━━ DATA SECTION ━━

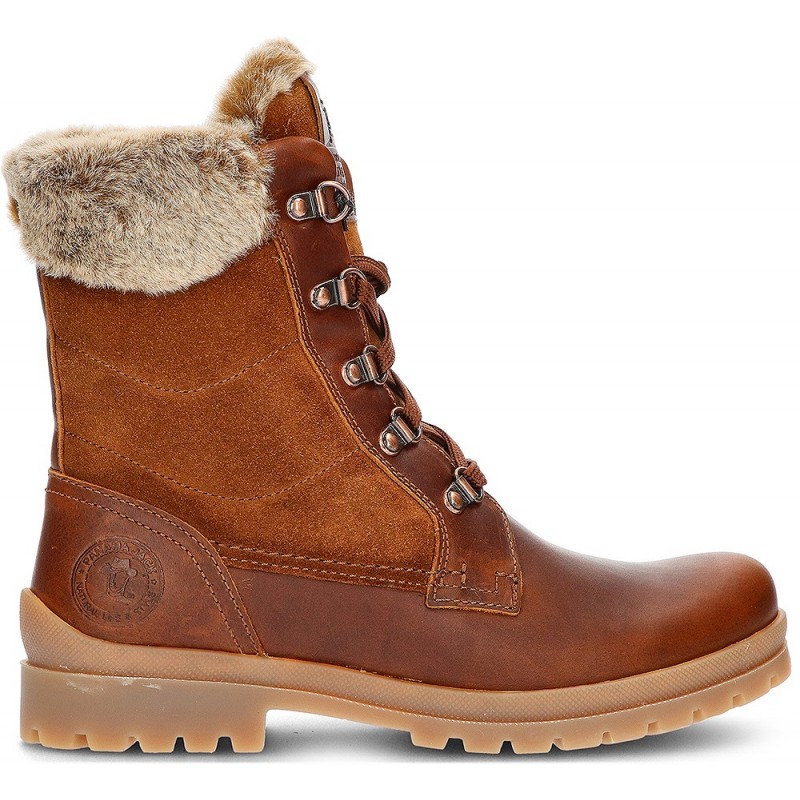 PANAMA JACK TUSCANI STIEFEL CUERO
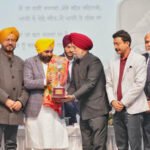 CM ANNOUNCES TO SET UP SURJIT PATAR CENTRE FOR ETHICAL AI IN THE GURU NANAK DEV UNIVERSITY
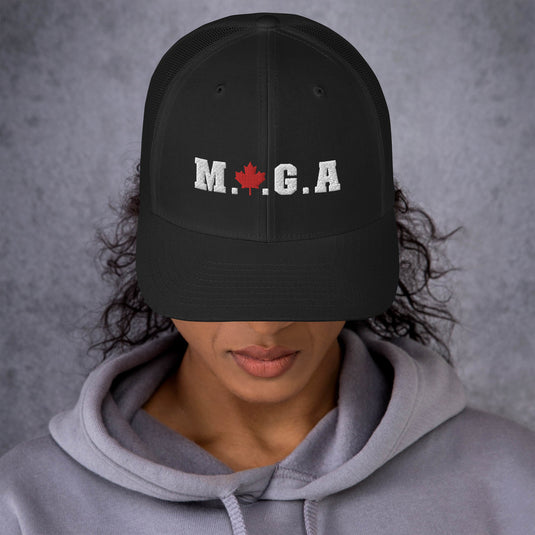 M.C.G.A- Trucker Cap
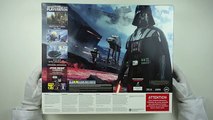 Die dunkle Macht? - Star Wars Battlefront - Limited Edition PS4 Unboxing - Dr. UnboxKing - Deutsch
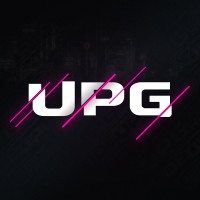 UPGrade Uzbekistan logo - Similar company to Gamefall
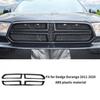 Carbon Fiber Exterior Full Decor Accessorie Trim Cover Set For Dodge Durango 11+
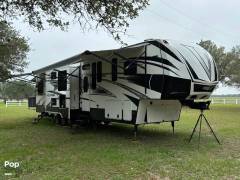 2016 Dutchmen Voltage 3970, $ 45,000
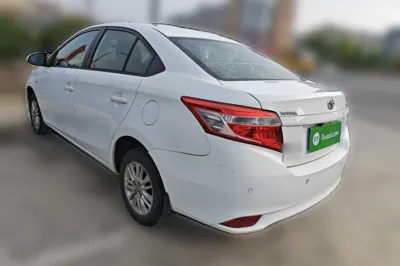 Toyota Vios 2014, 133900 км, за 21413.6 CNY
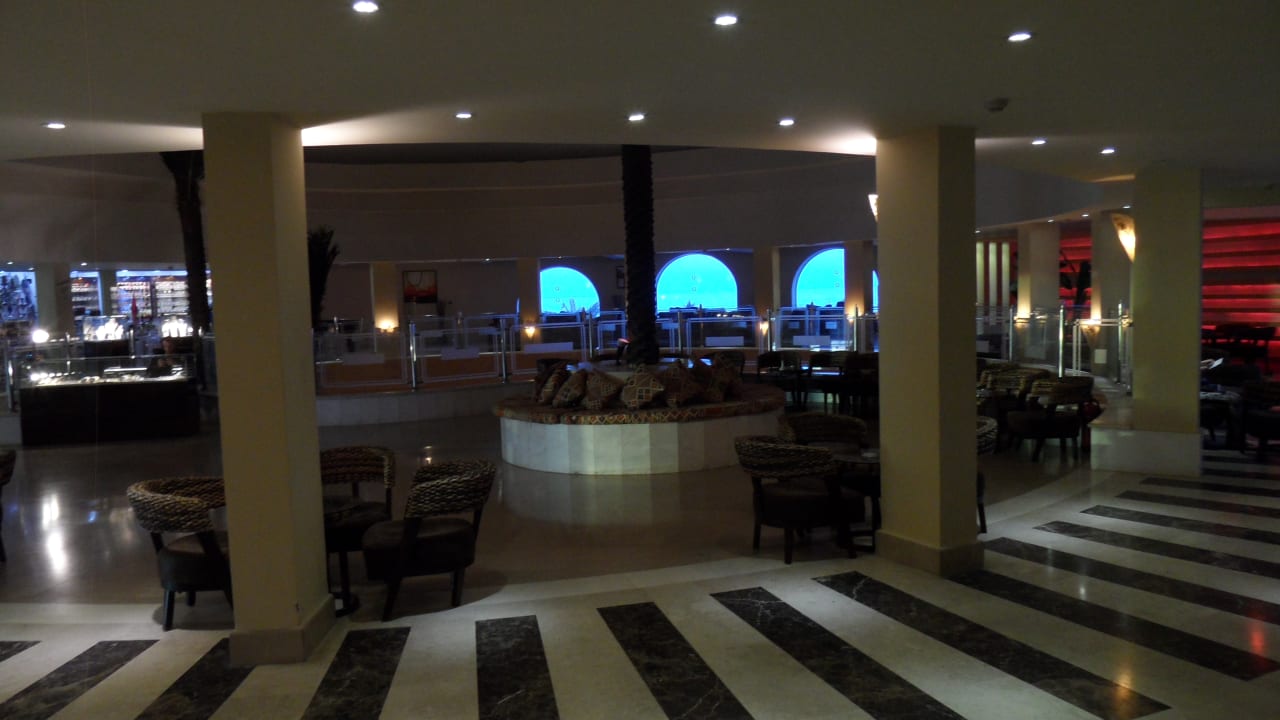 Lobby Coral Sun Beach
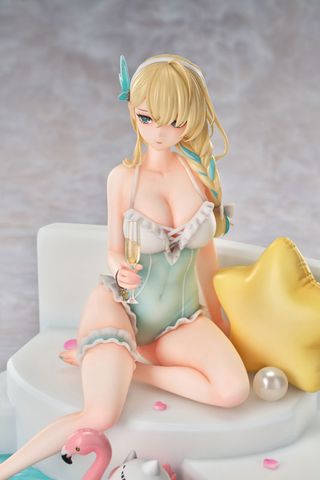 Lexington (CV-16) Summer of Ingleside Ver. 1/7 - Senkan Shoujo R | Calbone Figure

━━━

WORK TASK
Retype the lines exactly as they appear, beginning with the line that contains "Lobby Coral Sun Beach" and ending with the final line of the entries, and omit the pictures.

THE ANSWER
 Lobby Coral Sun Beach
 Lexington (CV-16) Summer of Ingleside Ver. 1/7 - Senkan Shoujo R | Calbone Figure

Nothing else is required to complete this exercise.